What the task requires:
Give back exactly the lines of the material below that start at the one holding "Polo Ralph Lauren Chino Cap | Thumbnail 3" and end at the last line, minus the pictures.

Available data:
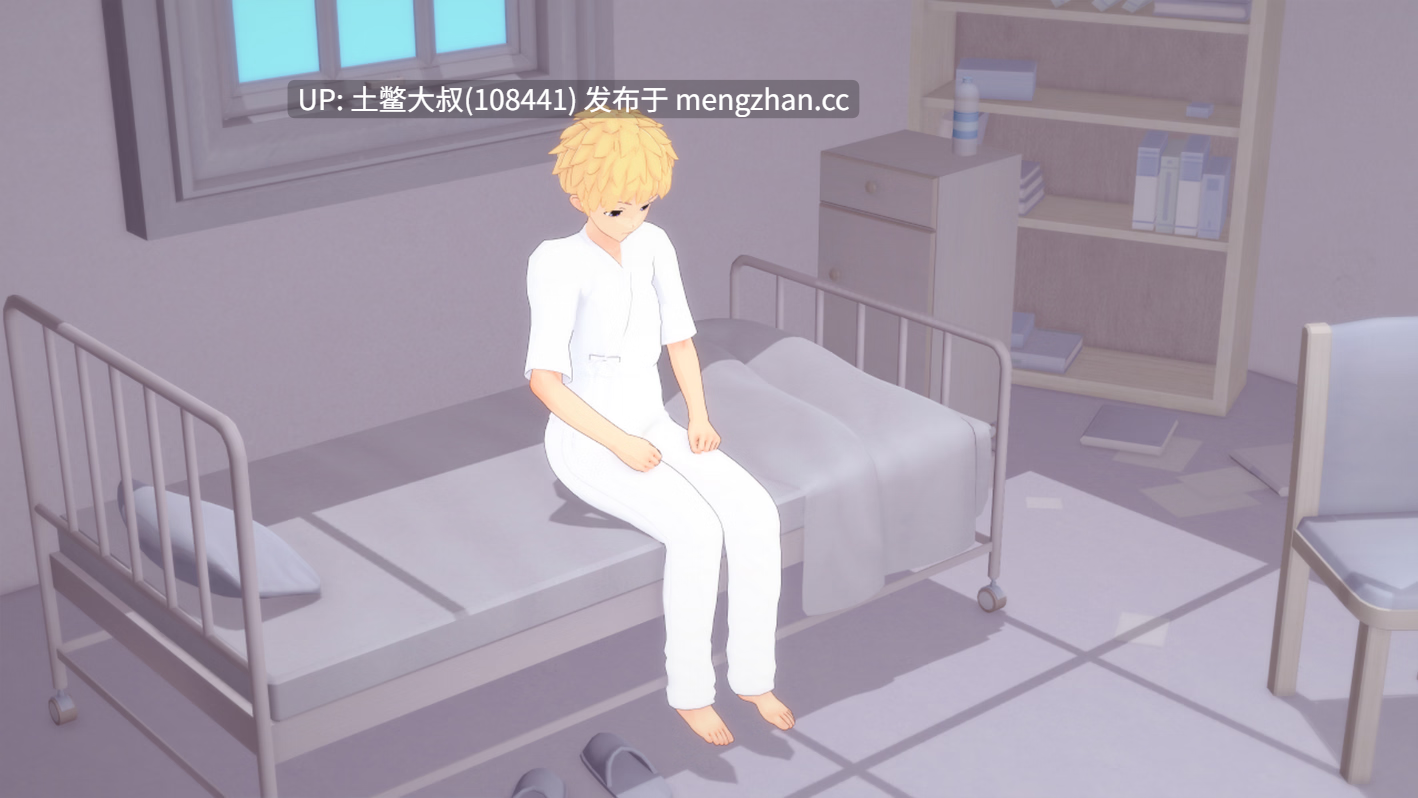 3D日式动态腐败SLG 机翻 -- 按我的方式做事 Doing Things My Way [v1.8] 3.2gb-第3张图片-萌站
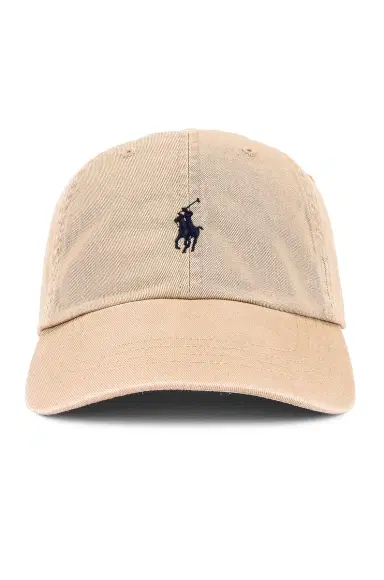Polo Ralph Lauren Chino Cap | Thumbnail 3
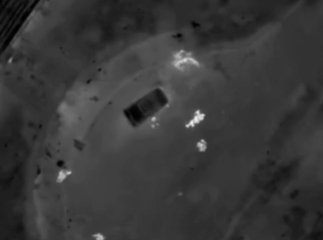 128 бригада показала, як знищує окупантів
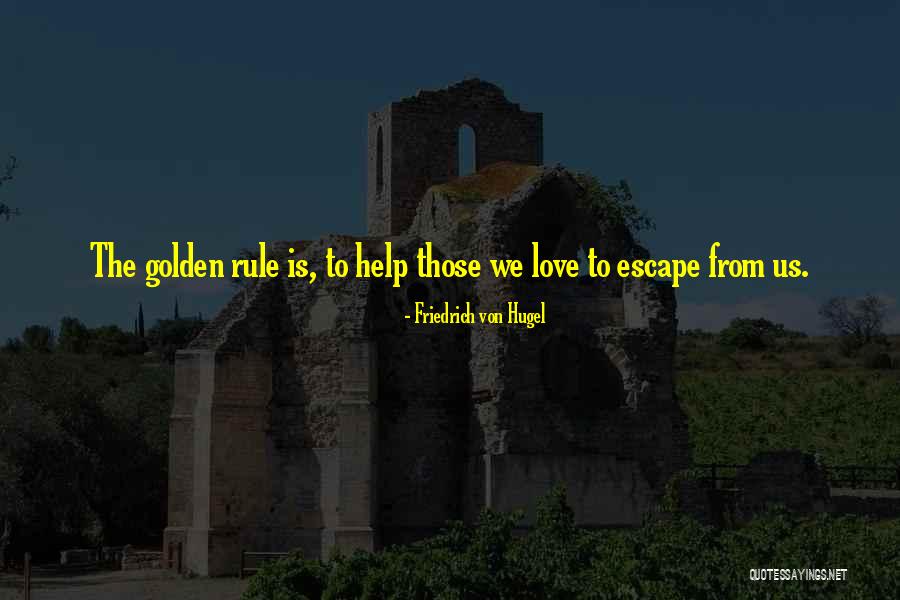 Friedrich Von Hugel Quotes 793805 Friedrich Von Hugel Quotes 793805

Exercise response:
Polo Ralph Lauren Chino Cap | Thumbnail 3
 128 бригада показала, як знищує окупантів
 Friedrich Von Hugel Quotes 793805 Friedrich Von Hugel Quotes 793805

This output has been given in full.